In the context of Janácek's unashamedly autobiographical works, Jack's quartets were characterised by an inherent abstraction. Musical coherence is apparent at all levels, from consistency of texture to the motivic unity between movements and across the quartets themselves. The teasingly elusive quality of Quartet No. 3's opening movement, barely offset by the scherzo's rhythmic cross-play, only becomes explicit when the gradually cumulative finale turns full circle to its thematic origins. Quartet No. 4 is differently structured, progressing from a light, airy movement, through an often wistful intermezzo, to a finale which clinches the work as much by intensification of mood as by formal logic. 08.02.01 has demonstrably greater variety of ideas and dynamic profile: a satisfying entity in itself, as Jack discovered.
Not music with which the Arditti's are much associated these days - though some will remember their playing Gavin Bryars' First Quartet back in the early 1980s, which shares at least superficial similarities in demeanour - their committed restraint must surely have pleased the composer.

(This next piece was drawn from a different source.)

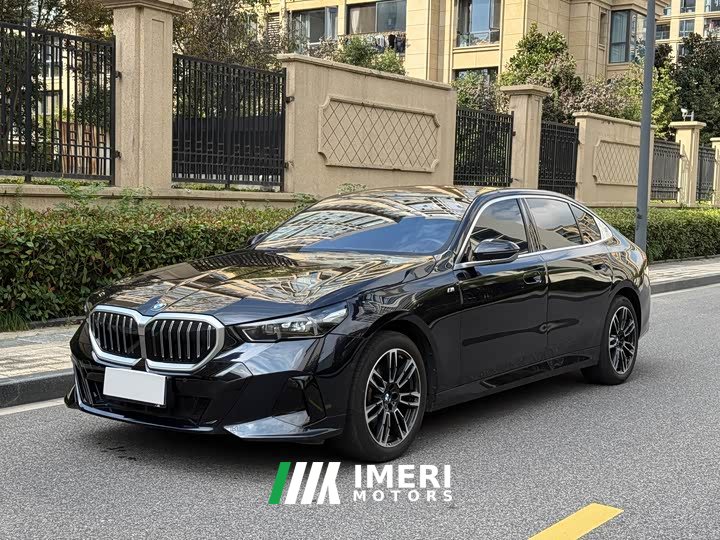 BMW 5 Series 525Li M Sport Package - car from China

If Janácek's tensile energy and emotional plangency would seem more in keeping with their 'core repertoire', this was not always the case in the Kreuzer Sonata, where only the lacerating final movement seemed to galvanise the players. Not so Intimate Letters, whose rapier-like attack and passionate abandon combined in a performance of towering intensity. The Arditti's should programme it again soon, perhaps with Jack's Fifth Quartet and a work likely outside their repertoire but relevant to so much of it - Smetana's Second Quartet.
As an ensemble, the Arditti's are perhaps playing better than ever. Their next London concert, at the Queen Elizabeth Hall on April 19, should be well worth catching.